Thommes, 641 N.W.2d at 883. *Page 16
{¶ 34} The Minnesota Supreme Court then analyzed the 2(j)(6) exclusion and also concluded that it was also ambiguous because there were at least two possible interpretations as to the meaning of "incorrectly performed." Id. The language of the exclusion could reasonably refer to the damage that resulted from work performed on the wrong property, and yet, it could also be reasonably interpreted to refer to the manner, rather than the place, in which the work was performed. Id. Because the word "incorrect" means faulty or defective, under the second reading the exclusion would not apply because there was no allegation that Thommes' work was performed in a faulty or defective manner. Thommes,641 N.W.2d at 883-84.

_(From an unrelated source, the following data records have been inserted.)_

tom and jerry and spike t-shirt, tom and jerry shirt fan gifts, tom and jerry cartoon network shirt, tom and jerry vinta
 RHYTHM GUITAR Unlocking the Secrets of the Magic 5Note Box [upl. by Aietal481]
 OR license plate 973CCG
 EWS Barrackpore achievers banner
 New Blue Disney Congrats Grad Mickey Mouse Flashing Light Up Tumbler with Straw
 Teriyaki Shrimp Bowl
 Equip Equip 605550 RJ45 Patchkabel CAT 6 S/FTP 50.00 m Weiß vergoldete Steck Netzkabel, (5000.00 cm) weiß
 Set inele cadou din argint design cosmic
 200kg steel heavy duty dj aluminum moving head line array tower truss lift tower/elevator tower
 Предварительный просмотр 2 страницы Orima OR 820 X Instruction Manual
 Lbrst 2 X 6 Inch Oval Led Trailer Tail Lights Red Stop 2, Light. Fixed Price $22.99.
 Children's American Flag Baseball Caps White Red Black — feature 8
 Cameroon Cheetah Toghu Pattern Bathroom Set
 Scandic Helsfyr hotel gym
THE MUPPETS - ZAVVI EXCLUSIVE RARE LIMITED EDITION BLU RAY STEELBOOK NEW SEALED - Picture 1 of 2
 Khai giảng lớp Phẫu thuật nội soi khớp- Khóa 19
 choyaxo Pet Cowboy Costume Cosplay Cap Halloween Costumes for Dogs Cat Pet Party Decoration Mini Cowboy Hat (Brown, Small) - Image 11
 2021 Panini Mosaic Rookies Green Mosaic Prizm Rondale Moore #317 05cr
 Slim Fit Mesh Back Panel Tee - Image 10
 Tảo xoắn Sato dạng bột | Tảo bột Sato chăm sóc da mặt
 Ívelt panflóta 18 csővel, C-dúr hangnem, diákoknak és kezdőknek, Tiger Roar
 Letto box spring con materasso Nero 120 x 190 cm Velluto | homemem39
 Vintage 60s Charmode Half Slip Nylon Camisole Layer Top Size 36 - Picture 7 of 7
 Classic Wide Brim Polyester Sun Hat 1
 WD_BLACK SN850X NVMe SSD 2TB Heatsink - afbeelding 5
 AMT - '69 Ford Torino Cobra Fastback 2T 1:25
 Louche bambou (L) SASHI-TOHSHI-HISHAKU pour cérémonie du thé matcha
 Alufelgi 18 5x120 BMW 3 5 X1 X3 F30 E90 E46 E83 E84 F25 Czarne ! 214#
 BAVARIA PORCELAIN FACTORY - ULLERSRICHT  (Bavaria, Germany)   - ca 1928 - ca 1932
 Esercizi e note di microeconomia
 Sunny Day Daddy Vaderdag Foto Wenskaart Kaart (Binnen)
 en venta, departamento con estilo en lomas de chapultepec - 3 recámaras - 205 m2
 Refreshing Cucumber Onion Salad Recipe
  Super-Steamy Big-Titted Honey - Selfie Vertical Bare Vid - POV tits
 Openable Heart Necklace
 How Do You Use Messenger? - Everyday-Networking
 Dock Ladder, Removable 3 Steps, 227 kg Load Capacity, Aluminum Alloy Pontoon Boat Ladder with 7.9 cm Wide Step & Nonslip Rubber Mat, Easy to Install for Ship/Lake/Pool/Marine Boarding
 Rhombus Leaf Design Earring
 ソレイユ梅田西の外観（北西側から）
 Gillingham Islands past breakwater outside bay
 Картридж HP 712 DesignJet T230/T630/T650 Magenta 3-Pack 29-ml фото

{¶ 35} An Illinois intermediate court also decided a case with facts that are similar to this case in Pekin Ins. Co. v. Miller (Ill.App. 2006), 854 N.E.2d 693. Ken Miller operated a tree cutting service and was retained to remove trees from Lots 13, 14, and 15 in a subdivision. Miller mistakenly cleared trees from lots 10, 11, and 12, and the owners of these lots sued him. Miller's insurer denied a duty to defend or indemnify.
{¶ 36} The court first analyzed whether the allegations against Miller satisfied the policy's definition of "occurrence." In evaluating that issue, the court indicated that "the Plaintiffs in the underlying complaint do not allege Miller used *Page 17 improper techniques in removing trees on their property. Rather, they allege he removed trees on the wrong property." Pekin,854 N.E.2d at 696.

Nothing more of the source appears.